In [21] an experiment is conducted using the labelled Elliptic Dataset of Bitcoin transactions. Around 2% of nodes in the dataset are marked as “illicit” (e.g. known to have belonged to dark markets), some (21%) are labelled as “licit” (e.g. belonging to well-established currency exchanges). The data is spread across 49 time steps. Each node is accompanied with approximately 150 features that are constructed from transaction information and aggregated neighbourhood features. They describe an inductive approach to predicting the suspiciousness of nodes using GCNs. Finally, such an approach is compared with different classification methods against the objective to predict whether a node is licit or illicit. The classifiers tested are Multi-Layer Perceptron (MLP), Random Forest and Logistic Regression trained with weighted cross-entropy loss to prioritize illicit nodes as they are the minority class.

Superior classification results are shown using Random Forests using node features only. Additionally, a performance improvement is achieved by making the Random Forest model “graph-aware” by concatenating GCN embeddings to the mentioned features. Using GCNs alone in a supervised setting did not yield as good results; however, using EvolveGCN to capture temporal dynamics yielded slightly better results compared to pure GCN. An intriguing fact arises when looking at the accuracy of the proposed models over time. As a large dark market is closed at some time step, the accuracy of all models drops significantly and is not recovered after following time steps.
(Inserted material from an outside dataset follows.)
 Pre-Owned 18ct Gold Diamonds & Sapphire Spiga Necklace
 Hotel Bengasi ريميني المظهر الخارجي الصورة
The robustness of models to such events is a major challenge to address.

In [21] a future work idea is pointed out to combine the power of Random Forests and GCNs using a differentiable version of decision trees as proposed by [22] in the last layer of GCN instead of Logistic Regression.

Anomaly detection on graphs could also be used for detecting anomalous activities. In [23] a fully unsupervised approach for detecting anomalous edges in a graph is presented. A classifier is trained on the same number of existing and non-existing edges to predict whether an edge exists between two nodes. The nodes that have then their edges classified as non-existing can be viewed as anomalous. The approach has been tested on real-world datasets such as online social networks.

3 Data Ingestion and Structure

3.1 Data Enrichment and Pseudo-Anonymization

At the core of the screening tool is an efficient data ingestion, store and representation of large multigraphs of transaction data from two transactional data sources. A pure transaction data graph is valuable and provides a backbone for further analysis, but data is also enriched to enable deeper exploration and an easier understanding of acquired results. Additional information, tailored specifically for anti-money laundering scenarios, is ingested (and automatically updated) alongside. Due to the high sensitivity of transaction data, privacy concerns and legal considerations, the ingestion pipeline follows a very specific and specially tailored pseudo-anonymization and enrichment pipeline. The general dataflow is presented in Fig. 13.2.

Fig. 13.2
figure 2

Data ingestion and preparation overview

Transaction data from different sources is enriched with company-specific information provided by the public business registry. Additional company-related information especially targets money laundering and terrorist financing information as well as general features to discover anomalous behaviour patterns e.g. company size, capitalization type, ownership structure, company registration date, possible company closure date, capital origin etc. Account information data is provided by eRTR (public accounts’ registers) and information required for AML scenarios is added: account registration, possible account closure, account owner etc. Important piece of information is the type of the account; an account can either be used by a private person or associated with a specific company and in some cases even both. Meta parameters pertaining to more efficient identification of suspicious patterns are periodically ingested: EU list of high-risk third countries, classifying the level of high risk to those countries on the list.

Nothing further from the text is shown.